Although Fitzgerald managed, amid severe financial and emotional difficulties, to produce works like ``The Great Gatsby,'' ``Tender Is the Night,'' and ``The Last Tycoon,'' he was forced to devote much of his time to Hollywood and magazine writing (hack work, as he deemed it) to support his family.

Meyers's Fitzgerald is not really all that much more (or less) coherent than previous versions. It is hard to reconcile the vain, pretentious, self-absorbed young man presented in the first part of the book with the dedicated family man searching for the inner strength to write his self-critical, finely-wrought masterpieces who is movingly depicted in the latter part. Still Meyers is at least content to tell Fitzgerald's story unflinchingly and allow the pathos and curious heroism of his subject to merge for themselves.

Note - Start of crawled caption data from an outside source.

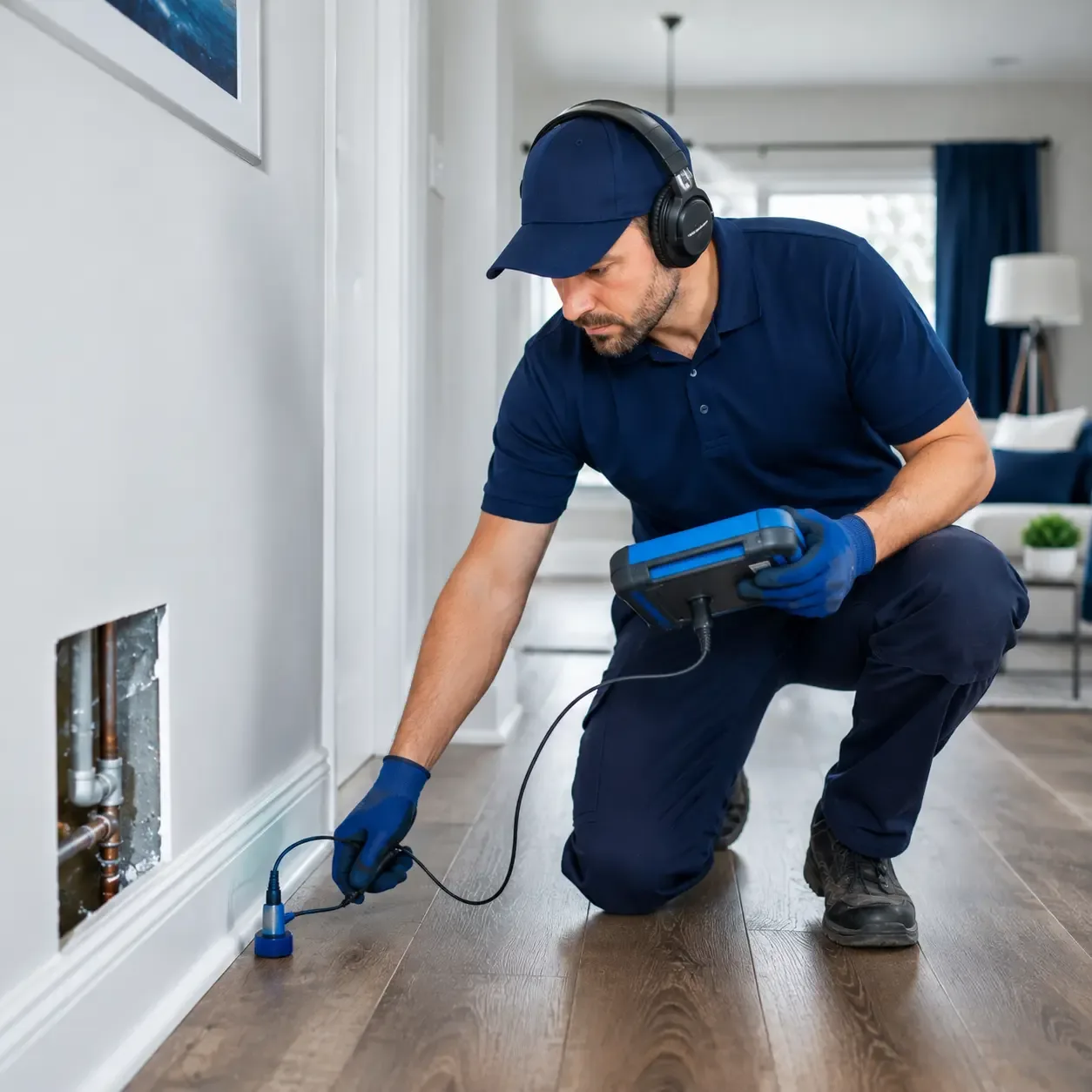 Emergency plumbing professionals serving Derrick City, PA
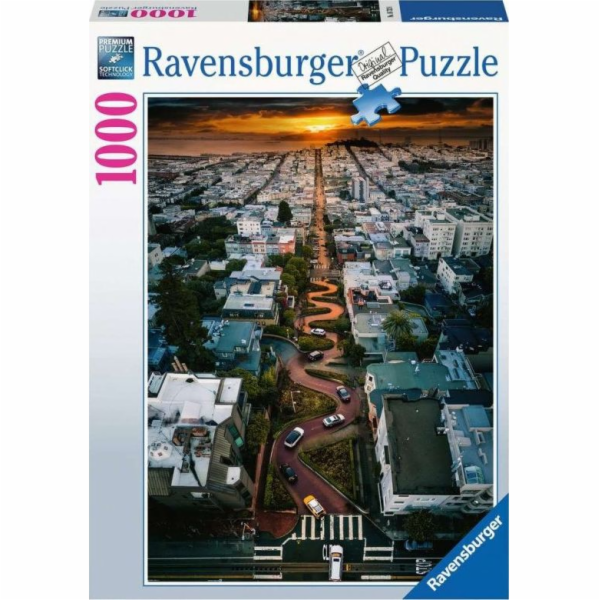 Ravensburger 2D Puzzle 1000 dílků San Francisco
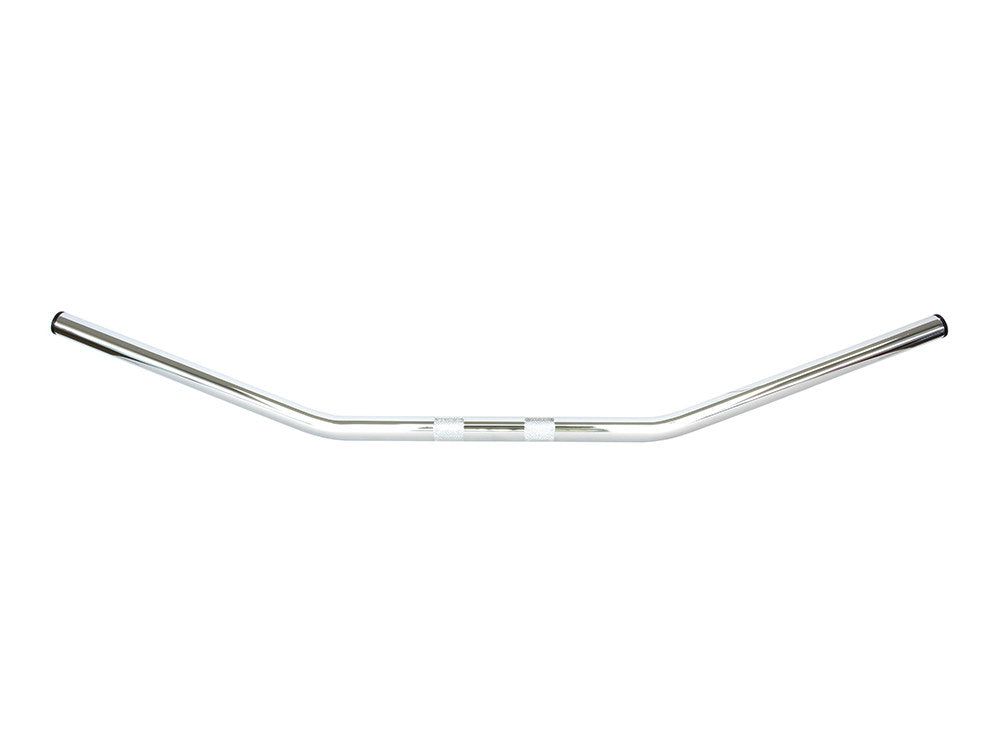 36in. wide x 1in. Drag Bar Handlebar - Chrome. - Rollies Speed Shop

David Leeming's biography of the late James Baldwin (1924-1987) is the work of a friend. (Three previous biographies of the writer were also by personal acquaintances.) Currently a professor at the University of Connecticut in Storrs, Leeming served as Baldwin's secretary between 1963 and 1967 and was sometimes humorously introduced by Baldwin as ``my Boswell.''

In ``James Baldwin: A Biography,'' Leeming tells the poignant story of Baldwin's childhood and youth with a lively empathy that makes his portrait of the Baldwin he did not yet know as vivid as the later sections drawing on his firsthand experience of living and working with the man.

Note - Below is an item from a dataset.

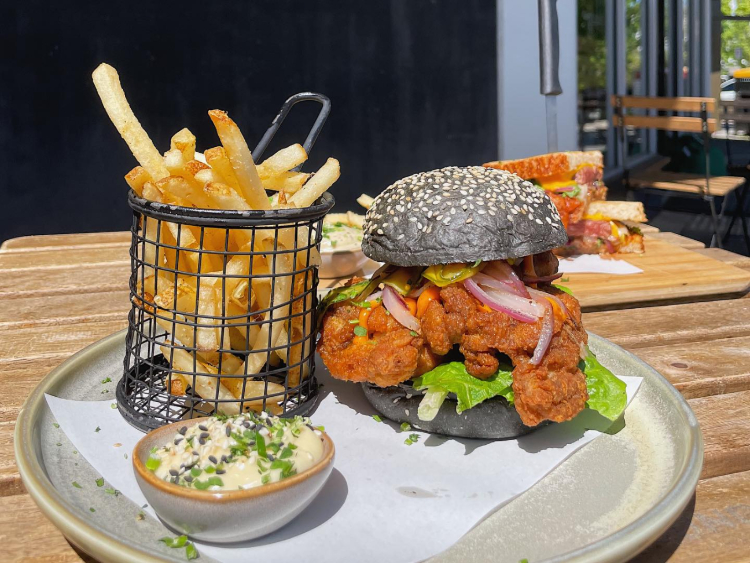 Sunday in Canberra Cafe slider image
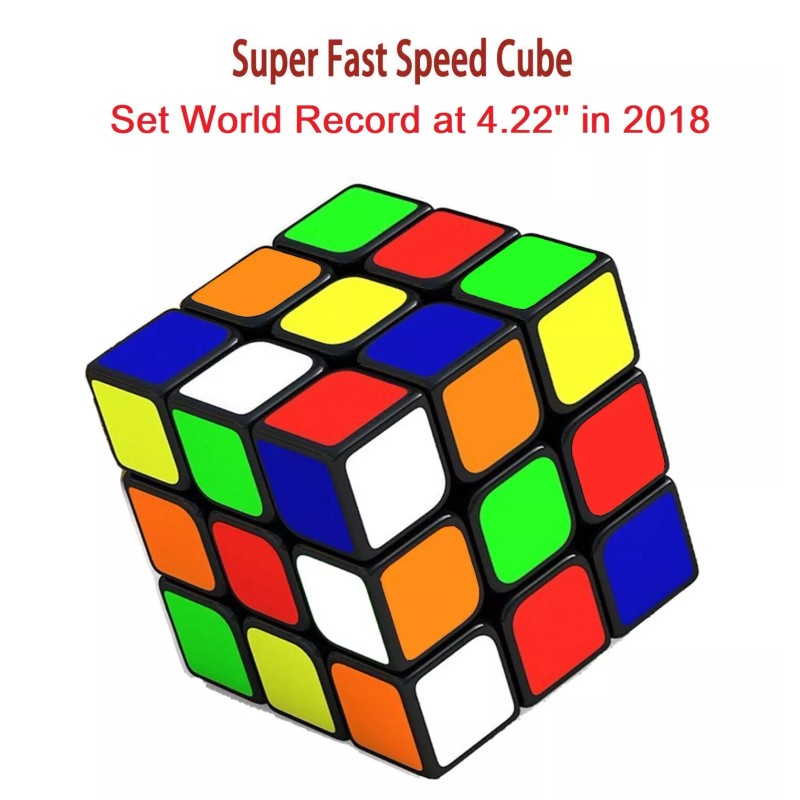 Magic Cube, Fast Speed Cube 3x3x3, Magic Twist Puzzle, Set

He focuses on the special problems faced by a brilliant young writer - poor, black, and homosexual - who managed to forge his identity as an artist and prophet in a world rife with prejudice.

Even when he becomes part of the story he's telling, Leeming remains a relatively unobtrusive narrator, straightforward and unselfconscious, letting Baldwin's magnetic personality shine through: impassioned, sometimes angry, but always profoundly compassionate and humane.